Daniel Ridge is the Newest ANC6B Hill East Commissioner
Computer Scientist will finish the term of former Commissioner Brian Flahaven
by Larry Janezich
Daniel Ridge was sworn in as the new ANC6B09 Commissioner by Councilmember Charles Allen last Friday, February 26. He was the only candidate to file a petition (which must be signed by 25 residents) with the DC Board of Elections and, thus, effectively became elected by default. He succeeds Brian Flahaven as the commissioner for the single member district 6B09, which lies east of 15th Street, SE, in the Southwest corner of ANC6B. Flahaven resigned his seat in January because he and his wife are expecting their second child this spring.
Capitol Hill Corner asked Ridge how the election process played out.
Ridge: “My oath says I was duly elected. [The Board of Elections] ‘deems the position to be filled’ (or something like that) in the case that only one qualified candidate turns in signed petitions. My wife maintained for years that I was totally unelectable. If I was, in fact, simply appointed then my wife is not yet wrong. Unelected Bureaucrat at your service.”
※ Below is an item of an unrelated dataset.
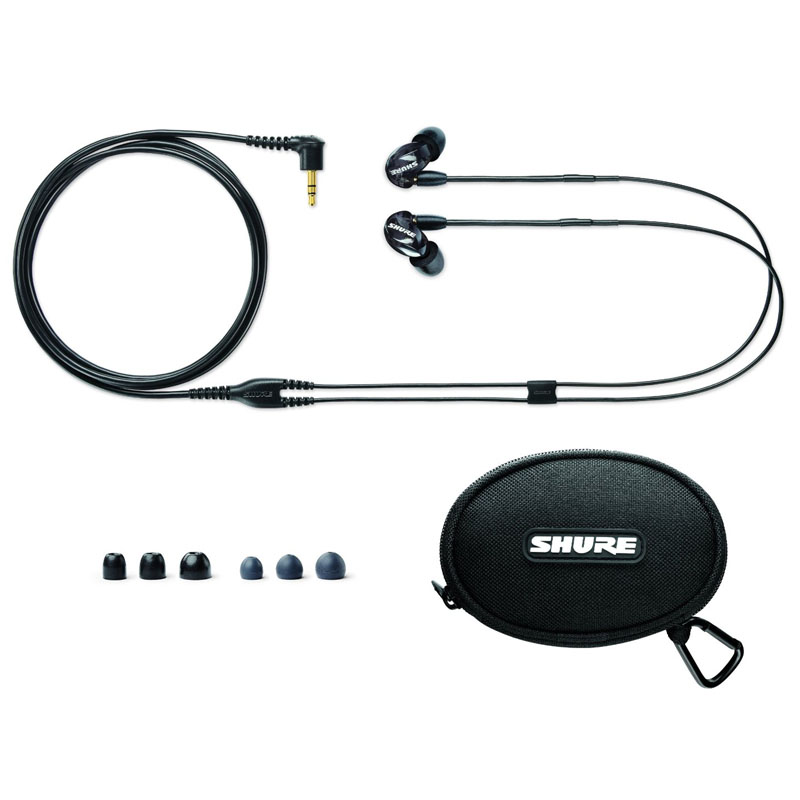 舒尔(SHURE) SE215M+ 白色 音乐耳机入耳式 隔音通用有线耳机hifi带麦耳塞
Capitol Hill Corner: “Why did you seek a seat on the ANC?”
Ridge: “I decided to seek a seat on the ANC when a neighbor, a savvier politician than me, saw me shoveling the alley during snowzilla. She told me that she heard a rumor that I was going to run for the empty seat. I went down the block trying out the same ruse on other good candidates and found no takers. I decided then only to complete the petitions. I decided to turn the petitions in only when I saw that no other resident had even collected a set.”
Capitol Hill Corner: “What are some of the issues or concerns in your SMD or ANC6B in general that motivated you to volunteer a major commitment of time and energy, especially when you have a family and a job both of which make significant demands on those personal resources?”
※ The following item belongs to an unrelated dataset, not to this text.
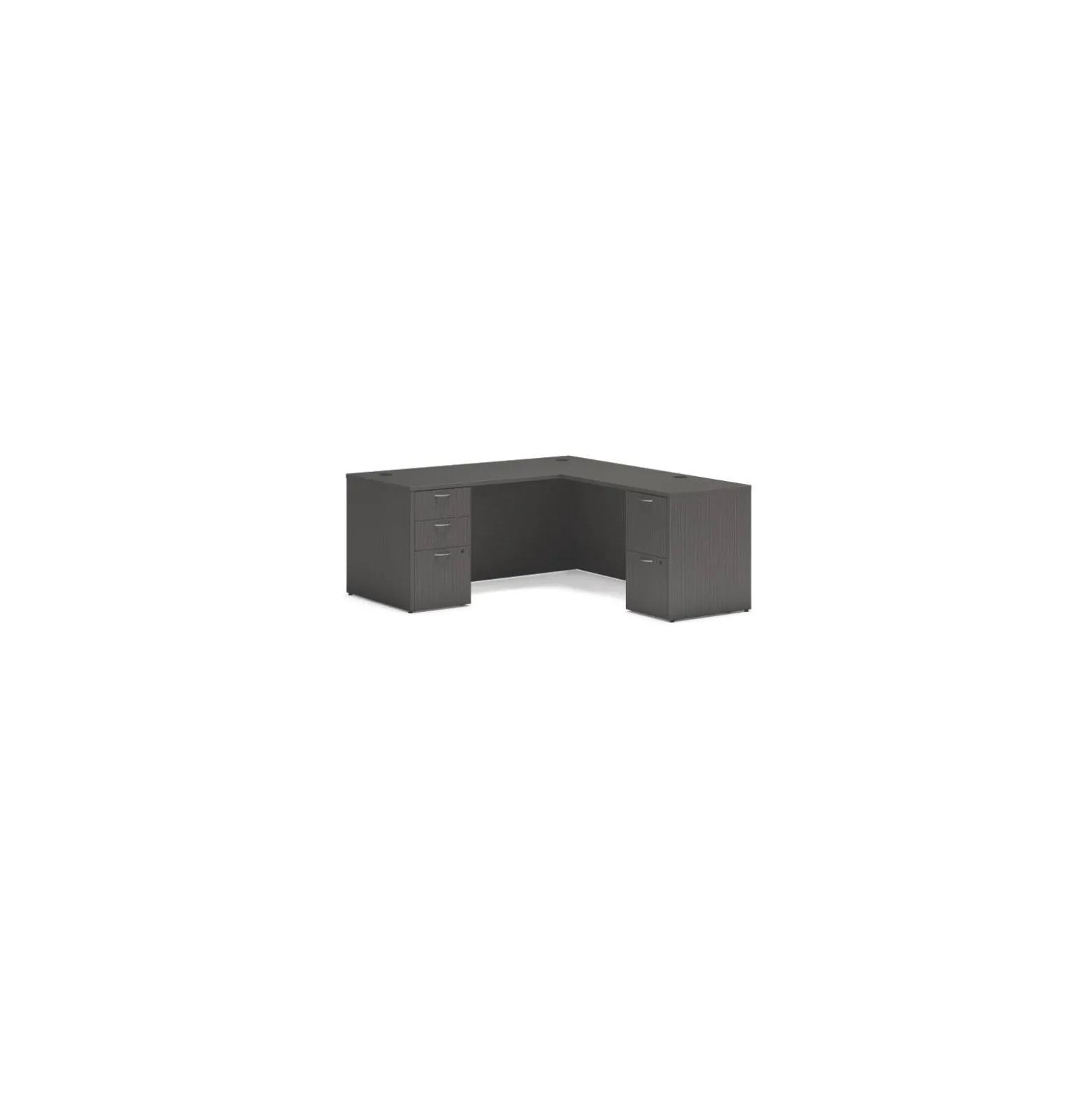 Mod Double Pedestal L-Shaped Desk - 66"W x 72"D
Ridge: “Support for aging is a major theme. One of the major causes of poverty in my SMD is a lifetime of hard work for a fixed pension. Neglected and abandoned property has a root in our lack of support for aging. Neglect turns around and becomes a further barrier to my neighbors living in their homes for as long as they would like.
My first constituent issue is to help a fabulous retired federal employee who has lived in her house for 71 years. She uses a wheelchair for mobility and uses a ramp to leave her property in the rear. Before she can leave her yard, somebody has to unscrew boards at the ground that keep the rats out.
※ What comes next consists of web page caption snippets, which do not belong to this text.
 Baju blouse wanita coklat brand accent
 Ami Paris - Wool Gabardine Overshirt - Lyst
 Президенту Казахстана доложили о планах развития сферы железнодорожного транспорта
We have perhaps a dozen cars in the street in my SMD owned by residents unable to drive them. These cars can lead to thousands of dollars in fines for the owner – and worse. In some cases, these fines for aging can lead my neighbors into a DC ‘clean hands’ quagmire that can keep them from getting services they need. I have neighbors who can’t even donate their car because they can’t find the title.
Another constituent meeting today took me to a house that is in the middle of a flip (or expedited home ownership lifecycle if we want to be judgement-neutral). I see that homes that are maintained can be worthwhile to hold to or turn over without doubling or tripling in size. Whatever neighbors think of construction or expansion, neglect is a precursor. Lack of support for aging feeds that neglect.
I’m 41. I’m aging in place. Every trip on the Hill with a children’s stroller is a preview of reduced mobility in our neighborhood and homes. Pay attention to those experiences.”
Asked for some personal background information, Ridge supplied the following:
“I was raised in Frederick, Maryland. I wanted to live in DC and work for NASA since a boyhood (perhaps 12) visit to the Georgetown townhouse of a family friend who had done just that.
I moved to Southwest DC in 1998 for a job at NASA HQ and I lived just across the highway from that building. I moved to Potomac Avenue in 2003 when my wife was finishing graduate school in Berkeley, California and ready to move back to the area.
I have a wife, a seven year old daughter and a five year old son. I work as a computer scientist for a non-profit research institute.”